One last word of advice that I’ll give you is to not over think what you’re trying to accomplish. Don’t be afraid to contact someone that uses a screen reader and give you advice on how to handle certain aspects of the course. While the article does go into depth on Section 508, it’s not a turn-key solution.

Brian Batt // Posted at 2:53 pm on August 19th, 2010

Hello, Jane,

My name is Alex Midence and I am a screen reader user. I would be more than happy to help you test your solution. I will tell you right now that I don’t know section 508 well enough to split hairs with it like some lawyer or something like that but, I can tell you right away whether or not your course will be usable by a blind person using a screen reader. Ultimately, that’s what you want. It can comply with some clause or other of some incomprehensibly-worded law till the cows come home but, if, at the end of the day, the person who is using it can’t navigate your course, you have wasted a lot of time and effort. I know some html and have a pretty good understanding of how computers work and some programming knowledge as well so, I might even be able to tell you exactly how to tweak it to make it work for you and still not mess it up for everyone else who doesn’t use a screen reader. Don’t know flash though so, you’ll be stuck there I’m afraid. Please feel free to contact me at

Best regards,
ps Incidentally, I for one would never disable my screen reader in a web browser because, while an audio file might voice something for me, I still need to navigate the page using the interface the screen reader provides. I need to find the link after all. I suspect this is why laws and standards are changing with regard to this stuff. the duct tape approach just doesn’t cut it anymore.

Alex // Posted at 12:49 pm on August 20th, 2010

Hi Brian,

In looking for information about Section 508 compliance, I found this blog post. Is this still the most recent information on how to create an Articulate Presentation that is usable by a screen reader? I have a new client who is looking for Section 508 compliance, and I am not sure if the idea of an alternate presentation is going to work for them.


Cyrelle // Posted at 8:07 pm on September 28th, 2010

Hi Cyrelle,

The article was written for Articulate Studio ’09 which is the latest version of the software. To answer your question, this is the most recent information.

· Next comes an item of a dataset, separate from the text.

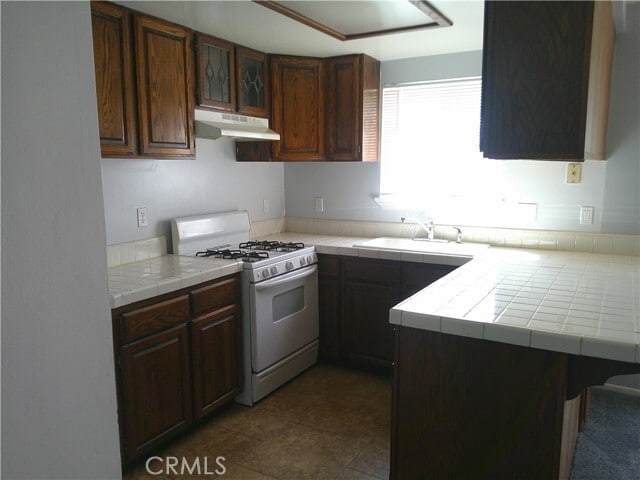 Photo - 5237 Bushnell Ave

There’s currently no way to modify the Articulate player in order to allow all of the requirements of Section 508. Thus, per Section 508, you must provide “access to and use of information and data that is comparable to the access” that people without disabilities have. The key word in that statement is “comparable” access.

With that being said, the article provides guidance on how to create a Section 508 compliant course. However, full compliance of Section 508 will vary by organization. Thus, additional steps beyond what this article provides may be necessary (e.g., accounting for video captioning, interactive scenarios, etc.).

Brian Batt // Posted at 11:04 am on September 29th, 2010

The thing that troubles me about 508 compliance is this:

In some cases there is a single compromise that will provide an optimal (or even passable) experience for all involved.

In most cases, there isn’t… You need to provide a tuned alternative. Organizations REALLY need to understand that you can’t bake a vegan casserole and meat lovers casserole in the same dish.

I tried an experiment awhile ago. I went an entire day without using my eyes at work. I accessed the electronic world through a screen reader. This was an eye opening experience, to say the least. I recommend it.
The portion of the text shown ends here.